III. The Remaining Claims
Given my decision to allow plaintiffs to replead to add additional plaintiffs, to attempt to overcome application of the Wagoner rule, and to restate the allegations of fraud with more particularity, I decline consideration of the remaining allegations at this time. Defendant's motion to dismiss the remaining claims is denied without prejudice to renewal upon plaintiffs' repleading.
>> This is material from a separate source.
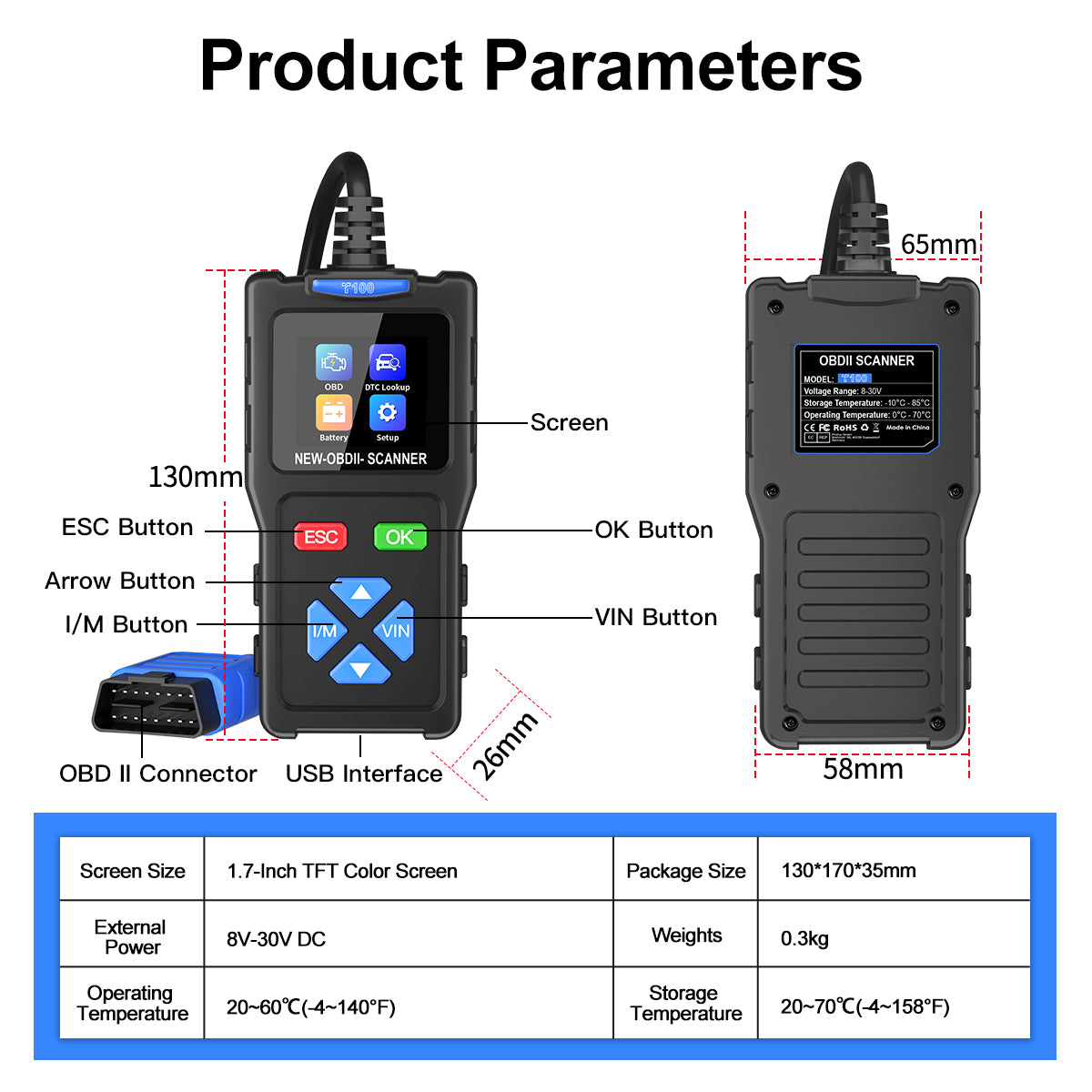 T100 OBD2 Scanner Code Reader for Car Check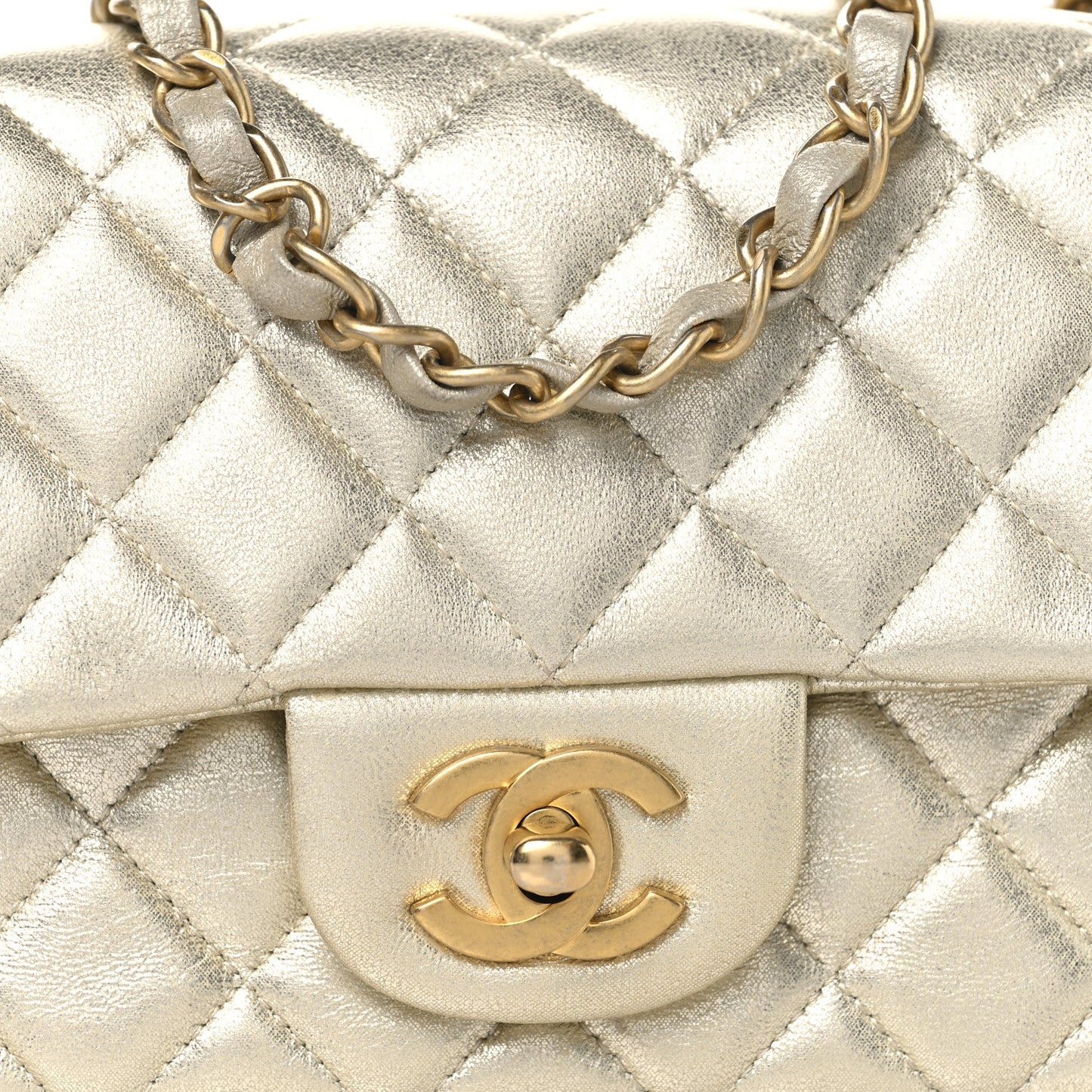 Metallic Lambskin Quilted Mini Rectangular Flap Gold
In addition, the parties may — either in repleading or in renewing the motion to dismiss — reference or rely on the "Internet Trading Access Agreement" (the "Agreement") that is attached as an exhibit to defendant's reply papers in support of its motion. (Ex. B to Def's Reply Memo.). Although defendant does not reference the Agreement in its submissions, it appears to be relevant to at least some of the claims at issue here. The Agreement is dated as of February 18, 2000 and made by and between Watley and Private Investors. In the Amended Complaint, plaintiffs allege that the first of Private Investors' accounts at Watley was opened "in or about February 2000," (Am. Compl. ¶ 28), which appears to be a reference to the account opened pursuant to this Agreement. Indeed, counsel represented to the Court during a conference that the Agreement covered one of the accounts under which plaintiffs bring their claims, although that fact is not reflected in the record. The first account is one of the accounts for which plaintiffs provide information regarding particular transactions during which securities were allegedly sold to cover margin calls. (Id. ¶¶ 38, 43). The Agreement contains a warranty provision and an indemnification provision, both of which might impact the scope of Watley's liability with respect to the account opened under this Agreement. Because the Agreement is incorporated by reference in the Amended Complaint and appears integral to at least some of the claims, I may consider it on a motion to dismiss. See Cortec Indus., Inc. v. Sum Holding L.P., 949 F.2d 42, 47 (2d Cir. 1991) ("The complaint is deemed to include any written instrument attached to it as an exhibit or any statements or documents incorporated in it by reference."); International Audiotext Network, Inc. v. ATT Co., 62 F.3d 69, 72 (2d Cir. 1995) ("[a]lthough the amended complaint . . . does not incorporate the Agreement, it relies heavily upon its terms and effect; therefore, the Agreement is `integral' to the complaint" and may be considered on motion to dismiss). Thus, the parties should make reference to the Agreement as they deem appropriate.
Defendant's motion to dismiss (docket no. 23) is denied without prejudice to renewal upon plaintiffs' repleading. Plaintiffs shall replead within 20 days from the date hereof.